The bathroom door was not locked, but when he called out to know if his father was all right, there was no response. I don’t want to go any further with this, thought Edmund. I truly don’t. But I’ll have to. I’ve called out to him – that’s a reasonable thing to do, isn’t it? He took a deep breath, and opened the door.
The bathroom was full
of pale thick vapour, as it always was if someone took a long hot bath and forgot to open the window, and for a moment Edmund could only make out the shapes of the washbasin and the deep old bath and the cloudiness of the misted mirrors. But here and there the mists were tinged with red, like clouds reflecting a vivid sunset.

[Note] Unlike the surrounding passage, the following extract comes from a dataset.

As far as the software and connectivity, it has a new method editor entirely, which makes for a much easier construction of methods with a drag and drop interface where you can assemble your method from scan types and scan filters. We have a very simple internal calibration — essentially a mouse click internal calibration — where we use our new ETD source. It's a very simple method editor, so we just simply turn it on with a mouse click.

It was a large bathroom by modern standards: the house had been built at a time when space was not at a premium, and one of the bedrooms had been converted some time before Edmund was born. For a moment he could not see any sign of his father, but then the mistiness cleared a little as the cooler air from the open door began to disperse it. The pulsing fear that had been beating inside him changed key, and began to drum against his temples.

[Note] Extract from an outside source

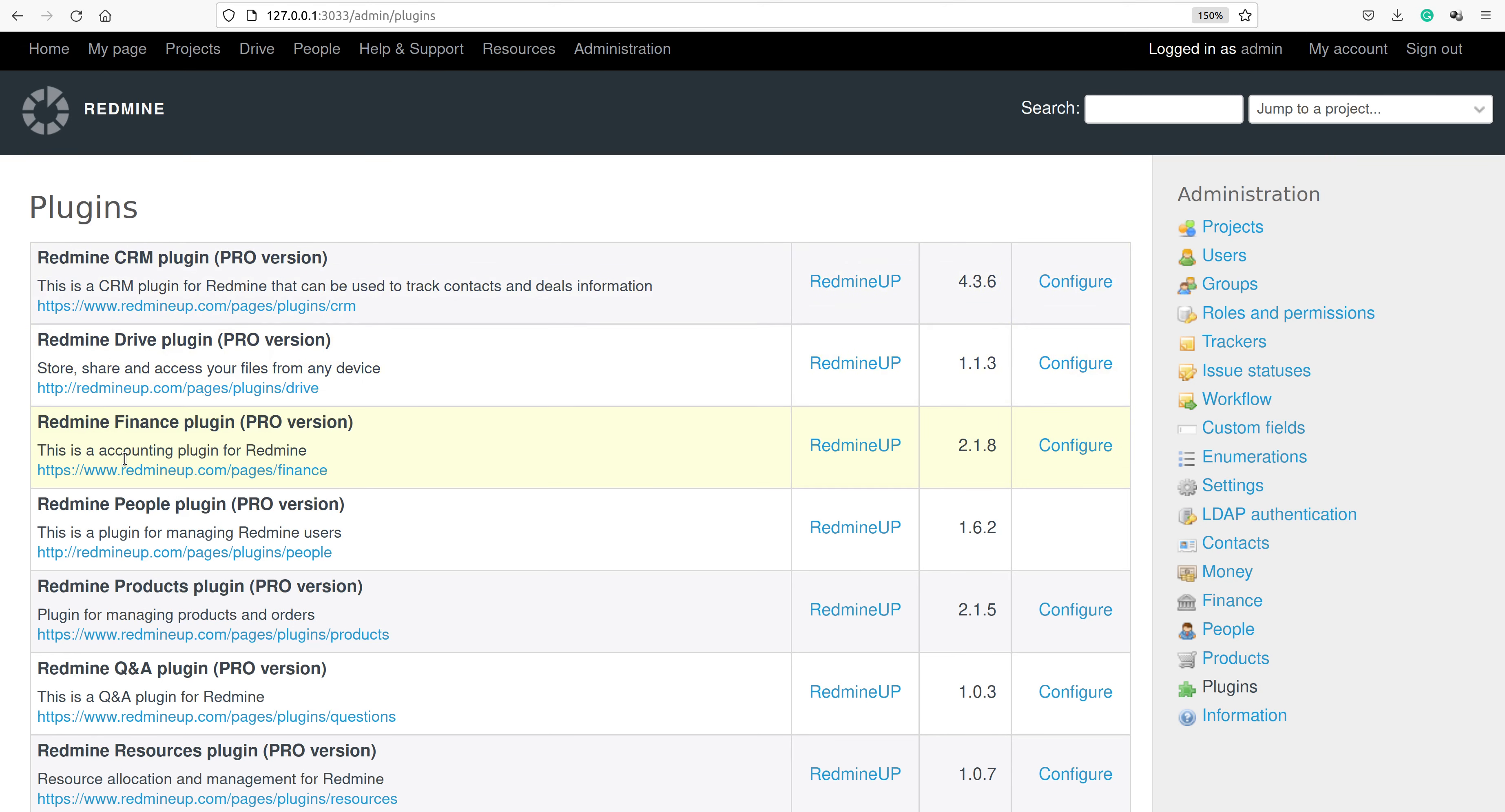We have done our job successfully. We have removed the Invoices plugin and completely uninstalled it from our Redmine. I hope this video was helpful for you. If you like it, you may check some other videos and articles from our documentation. Thank you very much for watching and bye-bye for now.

Because there was someone lying in the bath.
There was someone lying absolutely still in the bath, the head turned to the door as if watching for someone or something it would never see again. For the space of six heartbeats the lisping trickle of water still dribbling into the tank whispered all round the room, seeming to mock the confused panic in Edmund’s mind. S-s-someone lying in the bath…S-someone with blood-dabbled hands, and blood-smeared che-s-s-t, and someone who’s grinning through gaping bloodied lips-s-s…
Someone who had deliberately run a hot bath, and then had got into it and was grinning with macabre triumph at having cheated the world. The tiles around the bath were splattered with blood, and there was blood on the damp tiled floor. The razor lay on the tiles.
How am I supposed to interpret what I’m seeing? thought Edmund. I must concentrate, I must work out exactly what I’m looking at, because they’ll want to know – police and doctors, they’ll all want to know. So what am I seeing? I’m seeing that he’s smiling – that’s the first thing. But his mouth’s in the wrong place.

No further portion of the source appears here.